I think that in this problem it makes sense for the agent to pretend it did not see the 1, but this might not be true in all cases.

For example. If the situation was that 1 would be terminated if the letters matched and 2 would be terminated if the letters did not match, I would choose randomly so that I could not be taken advantage of by my other copy.
- Tyrrell_McAllister 17 Jan 2014 19:14 UTC
  0 points
  Parent
  
  A single bit of irrelevant information seems easy to ignore, but what if the preferences of the agent after viewing the 1 are different from the preferences of the agent before viewing the 1. [...] Then the agent cannot and should not just forget the 1 …
  
  To be clear, the input was given to the agent, but the agent didn’t “look at it” prior to choosing an input-output function. Imagine that the agent was handed the input, but, before looking at it, the agent stored the input in external memory. Before looking at what the input was, the agent chooses an optimal input-output function f. Once such a function is chosen, and only then, does the agent look at what the input was. The agent then outputs whatever f maps the input to. (A few years back, I wrote a brief write-up describing this in more detail.)
  
  Now, if, as you suggest, looking at the input will change the agent’s preferences, then this is all the more reason why the agent will want to choose its input-output map before looking at the input. For, suppose that the agent hasn’t looked at the input yet. (The input was stored, sight-unseen, in external memory.) If the agent’s future preferences will be different, then those future preferences will be worse than the present preferences, so far as the present agent is concerned. Any agent with different preferences might work at cross purposes to your own preferences, even if this agent is your own future self. Therefore, if you anticipate that your preferences are about to be changed, then that should encourage you to make all important decisions now, while you still have the “right” preferences.
  
  (I assume that we’re talking about preferences over states of the world, and not “preferences” resulting from mere ignorance. My preference is to get a box with a diamond in it, not a box that I wrongly think has a diamond in it.)
  
  … unless he is forced to by some pre commitment mechanism from the agent before viewing the 1.
  
  I don’t think that “pre-commitment” is the right way to think about this. The agent begins the scenario running a certain program. If that program has the agent setting aside the input sight unseen and choosing an input-output function prior to looking at the input, and then following that input-output function, then that is just what the agent will do — not because of force or pre-commitment, but just because that is its program.
  
  (I wrote a post a while back speculating on how this might “feel” to the agent “on the inside”. It shouldn’t feel like being forced to follow a previous commitment.)

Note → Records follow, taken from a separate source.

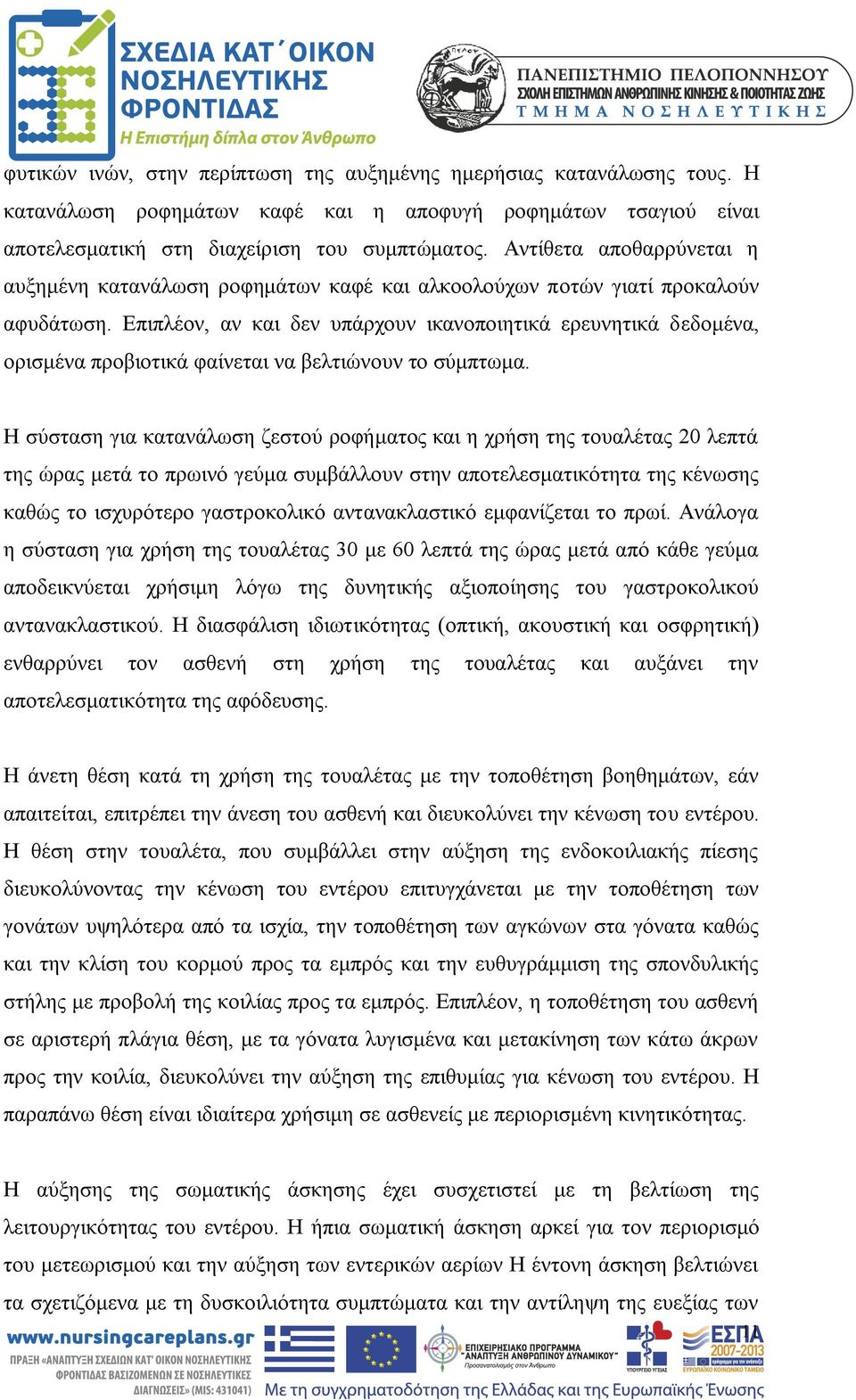 Επιπλέον, αν και δεν υπάρχουν ικανοποιητικά ερευνητικά δεδομένα, ορισμένα προβιοτικά φαίνεται να βελτιώνουν το σύμπτωμα.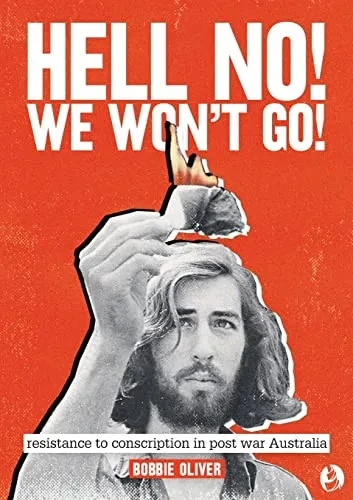 Hell No! We Won'T Go! : Resistance To Conscription In Postwar Australia
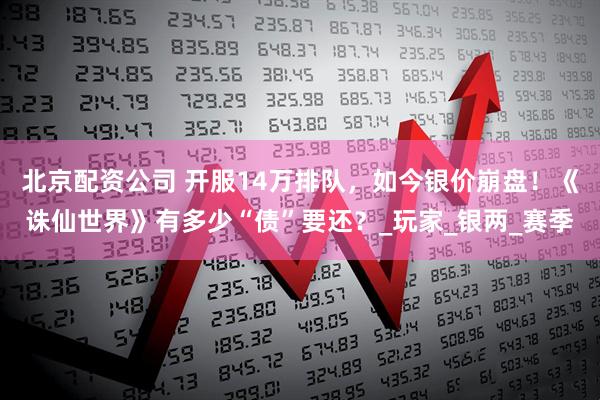 北京配资公司 开服14万排队，如今银价崩盘！《诛仙世界》有多少“债”要还？_玩家_银两_赛季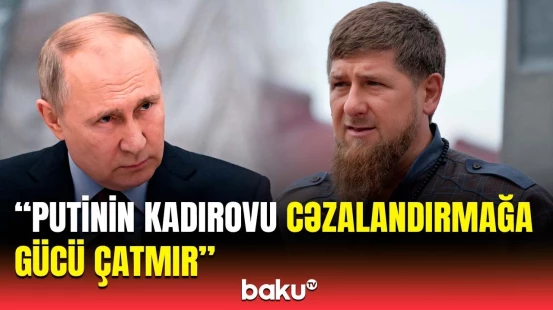 Rusiya niyə Kadırovu qorumağa çalışır? – Vurulan təyyarəmizlə bağlı mübahisə
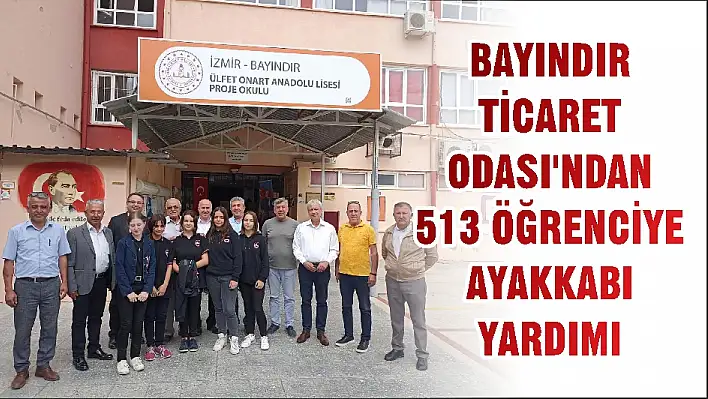 BAYINDIR TİCARET ODASI'NDAN 513 ÖĞRENCİYE AYAKKABI YARDIMI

  - Scott Garrabrant 17 Jan 2014 19:55 UTC
    0 points
    Parent
    I don’t think we actually disagree on anything substantial.
    
    I was partially going based on the fact that in Wei Dai’s example, the agent was told the number 1, before he was even told what the experiment was. I think the nature of our disagreement is only on our interpretation of Wei Dai’s thought experiment.
    
    Do you agree with the following statement?
    
    “UDT1.1 is good, but we have to be clear about what the input is. The input is all information that you have not yet received (or not yet processed). All the other information that you have should be viewed as part of the source code of you decision procedure, and may change your probabilities and/or your utilities.”
    - Tyrrell_McAllister 19 Jan 2014 22:36 UTC
      1 point
      Parent
      
      “UDT1.1 is good, but we have to be clear about what the input is. The input is all information that you have not yet received (or not yet processed). All the other information that you have should be viewed as part of the source code of you decision procedure, and may change your probabilities and/or your utilities.”
      
      Yes, I agree.
      
      I could quibble with the wording of the part after the last comma. It seems more in line with the spirit of UDT to say that, if an agent’s probabilities or utilities “change”, then really what happened is that the agent was replaced by a different agent. After all, the “U” in “UDT” stands for “updateless”. Agents aren’t supposed to update their probabilities or utilities. But this is not a significant point.